ASSIGNMENT: Please output only the lines that run from the line containing "this 615×455 image." through the end of the material below, exactly.

─── SOURCE MATERIAL

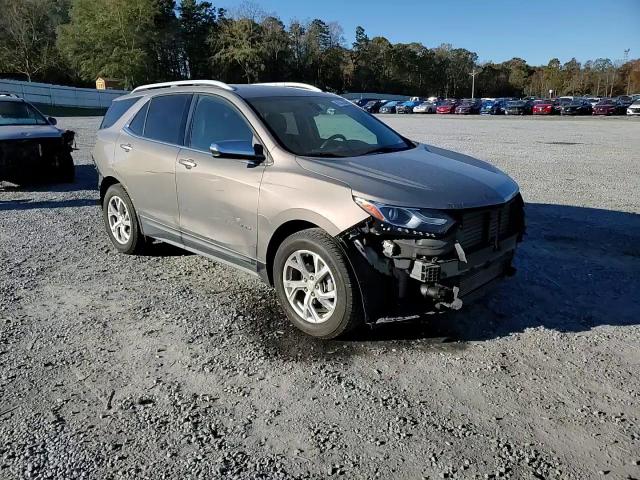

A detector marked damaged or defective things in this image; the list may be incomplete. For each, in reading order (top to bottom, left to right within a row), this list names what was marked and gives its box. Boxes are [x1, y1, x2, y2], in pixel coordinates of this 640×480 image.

damaged suv [95, 80, 524, 340]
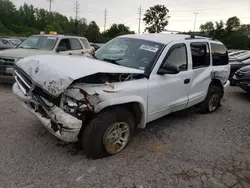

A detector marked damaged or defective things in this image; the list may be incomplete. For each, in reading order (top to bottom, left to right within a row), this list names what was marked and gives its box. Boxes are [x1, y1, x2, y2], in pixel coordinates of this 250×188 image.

crumpled hood [16, 54, 144, 95]
cracked bumper cover [12, 83, 82, 142]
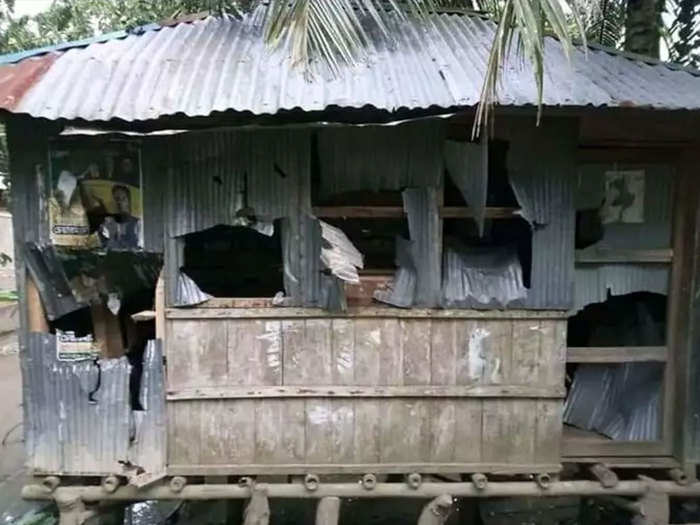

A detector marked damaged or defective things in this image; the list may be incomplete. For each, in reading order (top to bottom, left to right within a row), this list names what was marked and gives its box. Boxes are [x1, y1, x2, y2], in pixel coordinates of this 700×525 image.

rusty corrugated tin sheet [1, 9, 700, 122]
torn metal sheet [24, 242, 83, 320]
damaged tin wall panel [24, 242, 83, 320]
torn metal sheet [173, 270, 211, 308]
broken window opening [183, 222, 288, 298]
damaged tin wall panel [167, 130, 308, 236]
torn metal sheet [167, 130, 308, 236]
torn paper poster [318, 220, 364, 282]
torn metal sheet [320, 222, 364, 286]
damaged tin wall panel [316, 121, 442, 201]
torn metal sheet [316, 121, 442, 201]
torn metal sheet [374, 236, 418, 308]
damaged tin wall panel [374, 236, 418, 308]
damaged tin wall panel [402, 187, 440, 304]
torn metal sheet [402, 187, 440, 308]
damaged tin wall panel [442, 139, 486, 235]
torn metal sheet [442, 140, 486, 236]
torn metal sheet [442, 246, 524, 308]
damaged tin wall panel [440, 246, 528, 308]
torn paper poster [600, 170, 644, 223]
damaged tin wall panel [576, 264, 668, 310]
torn metal sheet [576, 266, 668, 312]
damaged tin wall panel [576, 166, 672, 252]
torn paper poster [56, 330, 100, 362]
damaged tin wall panel [25, 332, 133, 474]
torn metal sheet [25, 332, 133, 474]
damaged tin wall panel [129, 338, 167, 476]
torn metal sheet [129, 340, 167, 478]
torn metal sheet [564, 362, 660, 440]
damaged tin wall panel [564, 362, 660, 440]
broken window opening [564, 290, 668, 442]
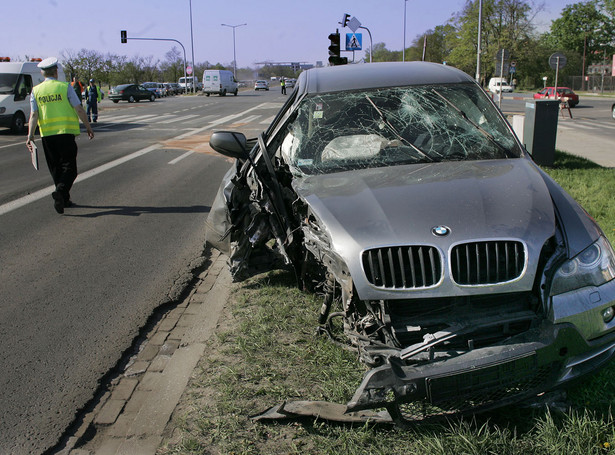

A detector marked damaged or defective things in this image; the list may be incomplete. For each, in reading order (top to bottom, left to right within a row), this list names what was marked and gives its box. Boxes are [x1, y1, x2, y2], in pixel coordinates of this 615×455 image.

cracked windshield [282, 82, 524, 175]
shattered windshield glass [282, 83, 524, 175]
damaged silver suv [206, 61, 615, 424]
broken headlight [552, 237, 615, 298]
crushed front bumper [346, 324, 615, 424]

──────

ANSWER SPACE:
A detector marked damaged or defective things in this image; the list may be incomplete. For each, in reading order (top to bottom, left to right within a row), this list names what was marked and gives its box. Boxes are [x1, y1, x2, y2], in pixel coordinates of this 615×455 image.

cracked windshield [282, 82, 524, 175]
shattered windshield glass [282, 83, 524, 175]
damaged silver suv [206, 61, 615, 424]
broken headlight [552, 237, 615, 298]
crushed front bumper [346, 324, 615, 424]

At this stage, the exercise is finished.